Pretty sure I called out something like that in the PR. It’s one of those boil-the-ocean sorts of things
e
I'm only running select * from windows_eventlog. After that i run any other Query like select * from osquery_info and everything stops working
I'm using Kolide servers, i've setup up an installer with kolide launcher and package builder with update channel on stable. The thing i noticed is that i've configure the osquery version to 4.5.0 and update channel to stable, and when the package finishes installing it autoupdates to 4.5.1
s
I think the Kolide part isn’t a factor here. But yes, if you point launcher’s autoupdate at our servers, you will get what we release as stable. Doesn’t matter what you build the package with. It will downgrade or upgrade as needed.
I suspect
select * from windows_eventlog
is the issue. That attempts to read most events into ram, and likely cause issues. Though I thought it had a required
channel
and
xpath
Though it’s a bit weird and complicated)
I’m not sure if it got documented well.
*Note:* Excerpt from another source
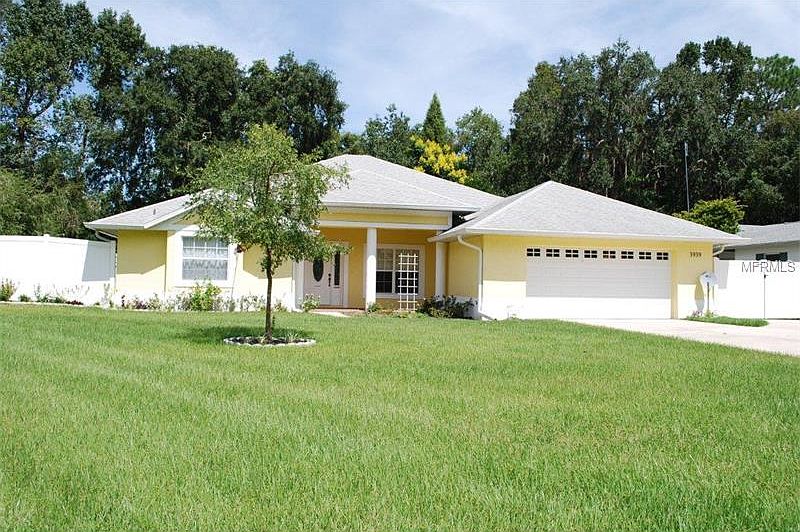 1st image of 3939 Magnolia Dr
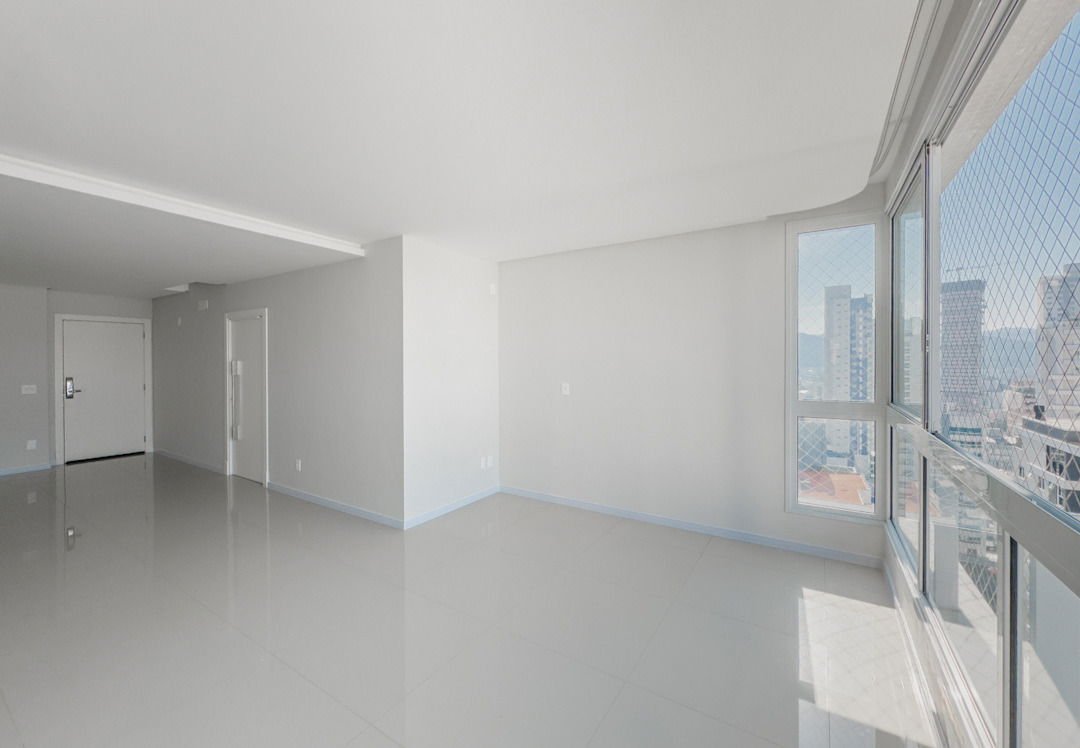 3 Bed, 4 Bath, ApartmentFor Sale, Santa Catarina, Balneário Camboriú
You could take a look at the discussion and code in https://github.com/osquery/osquery/pull/6563 where it merged
There may well be a bug in that table
e
I've just tested it with
WHERE
clause and it "crashes", i usually do that way and works fine but i've never tested it with
xpath
Maybe quering by channel and event id?
Ok, filtering by channel and eventid also kills osquery on the host apparently. It's a Windows host so i don't know a proper way to debug it.
Limiting by 3 or 5 works also
s
Hrm. You said you don’t have access to a machine to debug this locally?
I’m breaking out some test cases…
e
No, i have access indeed, i don't know how to debug the service on the Windows machine
s
What happens if you run osquery on the command line?
Testing in my environment, I cannot replicate this. If I run
select * from windows_eventlog
, I get back an error. My device is not hung,
Though if I query for
select * from windows_eventlog where channel = "Security"
it’s taking a long time to return these results.
I suspect this is not an osquery bug. There may or may not be a bug somewhere in the kolide stack. r this might be expected behavior around a table with this many rows. Not sure yet
Might be a launcher bug in how this stuff is marshalled and send over the wire. Feel free to open a bug in the launcher repo, though I don’t know if I can prioritize it
e
Yes, yesterday it happened the same to me. I Will try it on the host's cli, is any way to Open a CLI for hosts installed with package builder ? Or you talking about fleetctl CLI?
s
Neither. Running osquery from powershell is sometimes a good way to debug
e
Understood
The Query without Where clause it's returning something for You?
a
The
windows_eventlog
query without WHERE clause should return error log. It requires a channel or xpath to query the events. Also if you are querying the events without other constraints, it may take longer time depending on the number of events in the
security
or
Application
channel.
e
Querying with WHERE clause also hangs up subsequent queries, also the Query takes too long to return something
s
I think I replicated what you’re seeing. My guess is there’s something weird in launcher about marshalling that much data. As said, feel free to open an issue in the launcher repo, though I don’t know if I can prioritize it
Actually, I’ll open one
a
The Query with WHERE clause may take time because of large number of events log in a specific channel. I am planning to add a
max_windows_eventlog_events
flag with the query as suggested by @alessandrogario. This will reduce the query time.
s
I don’t think it’s query time. I think it’s data returned
a
Is it the size of data or some specific event data is causing the problem?
e
For example querying with limit 3 or 5 works fine.